A week after 305 worshippers were killed while attending Friday prayers at a mosque in North Sinai and the repercussions of the attack are slowly becoming clearer, writes Ahmed Eleiba


Al-Rawda Mosque
Al-Rawda Mosque

Egyptians should be celebrating the birth of Prophet Mohamed today but instead the nation is in mourning after 500 worshippers attending Friday prayers at Al-Rawda Mosque, located in the village of the same name in Northern Sinai, were targeted by 30 gunmen. The attack left 305 dead, 27 of them children, and 128 injured, the highest number of casualties from a single terrorist attack in Egypt.

While military and police personnel, often stationed at check points, were the targets of previous terrorist attacks in Sinai this time round the victims were unarmed civilians.

“We are still in shock following Friday’s terrorist attack on Al-Rawda village mosque,” Mohamed Salmi, a resident of Arish, told Al-Ahram Weekly. “It was Friday prayer and the Al-Rawda Mosque is on the Arish-Qantara Road. Not only locals were praying but travellers and passers-by.”

While some commentators have argued the 24 November attack specifically targeted Sufis — many villagers of Al-Rawda are known to follow Sufi rites — other analysts argue the bloodiest terrorist attack in Egypt’s modern history is about far more than Salafi antagonism towards Sufism.

“No one could have predicted such a massacre though the terrorists had threatened the locals of Al-Rawda days before the attack and ordered them to stop performing Sufi rituals,” says Salmi. Earlier in the week worshippers were kidnapped from a nearby mosque, also known as a centre of Sufism, only to be released on the same day after being warned to stop practising their rituals.

The recent attack may have targeted Sufis — the followers of Islam’s mystic strain are considered apostates by hard-line Salafis — but the operation was really an attempt to break Egypt and its people, says Khaled Okasha, a member of the National Council for Combating Terrorism.

The military launched several raids in pursuit of terrorists in retaliation. The army spokesman has kept the public posted on the confrontations in a series of statements. The vehicles that took part in Friday’s attack have been destroyed and terrorist bases in the area bombed. On Monday it was reported that security forces had foiled two attacks against police facilities in the villages of Atef Al-Sadat and Gisr Al-Wadi.

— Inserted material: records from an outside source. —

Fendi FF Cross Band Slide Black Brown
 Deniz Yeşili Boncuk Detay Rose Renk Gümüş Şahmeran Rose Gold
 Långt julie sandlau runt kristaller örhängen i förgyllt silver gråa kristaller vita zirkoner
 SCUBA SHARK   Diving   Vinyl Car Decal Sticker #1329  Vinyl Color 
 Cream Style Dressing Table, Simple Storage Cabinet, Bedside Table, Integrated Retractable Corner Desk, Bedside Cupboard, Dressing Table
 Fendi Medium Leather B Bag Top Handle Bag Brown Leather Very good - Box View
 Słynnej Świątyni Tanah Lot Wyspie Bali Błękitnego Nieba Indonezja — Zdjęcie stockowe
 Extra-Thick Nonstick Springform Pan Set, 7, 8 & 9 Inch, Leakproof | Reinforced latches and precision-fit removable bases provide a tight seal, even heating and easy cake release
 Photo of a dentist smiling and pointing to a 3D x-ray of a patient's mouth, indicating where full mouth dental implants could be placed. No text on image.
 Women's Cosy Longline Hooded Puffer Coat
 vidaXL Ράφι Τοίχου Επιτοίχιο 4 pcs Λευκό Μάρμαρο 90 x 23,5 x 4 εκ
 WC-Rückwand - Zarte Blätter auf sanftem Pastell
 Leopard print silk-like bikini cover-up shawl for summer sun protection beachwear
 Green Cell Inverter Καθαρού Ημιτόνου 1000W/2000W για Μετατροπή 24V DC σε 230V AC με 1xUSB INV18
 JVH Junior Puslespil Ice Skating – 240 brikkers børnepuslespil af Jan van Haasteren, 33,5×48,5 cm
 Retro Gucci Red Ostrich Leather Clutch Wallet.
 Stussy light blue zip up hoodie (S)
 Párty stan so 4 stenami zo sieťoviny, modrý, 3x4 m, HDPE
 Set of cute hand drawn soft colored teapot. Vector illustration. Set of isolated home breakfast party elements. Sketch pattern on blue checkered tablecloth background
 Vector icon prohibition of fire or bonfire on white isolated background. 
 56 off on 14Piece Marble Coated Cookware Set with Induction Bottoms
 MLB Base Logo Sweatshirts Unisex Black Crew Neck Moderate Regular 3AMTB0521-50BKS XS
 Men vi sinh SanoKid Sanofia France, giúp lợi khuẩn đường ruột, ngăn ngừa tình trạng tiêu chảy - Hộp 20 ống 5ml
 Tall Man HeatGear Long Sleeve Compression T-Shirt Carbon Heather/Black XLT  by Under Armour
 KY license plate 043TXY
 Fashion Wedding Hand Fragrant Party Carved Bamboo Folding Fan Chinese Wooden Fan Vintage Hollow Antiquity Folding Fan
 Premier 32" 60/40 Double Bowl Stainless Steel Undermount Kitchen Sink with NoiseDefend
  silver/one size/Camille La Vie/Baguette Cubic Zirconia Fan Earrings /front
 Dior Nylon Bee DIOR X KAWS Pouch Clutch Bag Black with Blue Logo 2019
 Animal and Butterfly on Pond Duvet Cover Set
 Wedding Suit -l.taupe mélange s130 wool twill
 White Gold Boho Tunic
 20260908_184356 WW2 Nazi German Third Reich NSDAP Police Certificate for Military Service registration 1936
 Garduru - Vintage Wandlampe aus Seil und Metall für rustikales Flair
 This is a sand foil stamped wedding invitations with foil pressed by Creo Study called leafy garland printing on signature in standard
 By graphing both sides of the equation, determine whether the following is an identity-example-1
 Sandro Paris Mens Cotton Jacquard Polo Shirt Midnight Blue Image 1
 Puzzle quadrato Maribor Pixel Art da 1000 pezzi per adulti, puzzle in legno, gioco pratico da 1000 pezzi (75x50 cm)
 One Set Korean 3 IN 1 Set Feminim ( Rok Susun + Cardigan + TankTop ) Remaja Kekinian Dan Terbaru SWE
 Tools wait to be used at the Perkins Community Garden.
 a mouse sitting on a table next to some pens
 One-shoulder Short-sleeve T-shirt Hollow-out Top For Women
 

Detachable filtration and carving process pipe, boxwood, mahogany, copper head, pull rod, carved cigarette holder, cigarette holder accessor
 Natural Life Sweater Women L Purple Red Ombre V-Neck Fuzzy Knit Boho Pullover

The military spokesman has stressed that cooperation between the Armed Forces and local residents in Sinai is ongoing, particularly in the hotspots of Al-Hasana in central Sinai and in Sheikh Zuweid.

Elders of two Sinai tribes have issued official statements saying new initiatives against terrorist organisations in Sinai are being planned. In the aftermath of last week’s attack Sinai tribe spokesman Sheikh Abdel-Moneim Al-Refaai told the press: “Communications between the tribes and security agencies are in progress to reach a common vision over the role [the tribes] will play in the war against terrorism.”

Following the attack President Abdel-Fattah Al-Sisi vowed to use “brute force” in the war against terror. Analysts say the promise, issued following a meeting between the president and senior security officials, suggests military tactics in Sinai will be overhauled.

During preliminary investigations into the incident eyewitnesses told prosecution officials that men dressed in military uniforms, stationed at the windows and door of the mosque, began firing at worshippers just as the imam was about to ascend the pulpit to deliver the Friday sermon. The attackers were backed up by five off-road vehicles outside the mosque.

Mohamed Ibrahim, a resident of Bir Al-Abd, told the Weekly that ambulances which rushed to the scene were also targeted by the gunmen. A source in the emergency services in Sinai confirmed two rescue workers were killed and two injured in the attack.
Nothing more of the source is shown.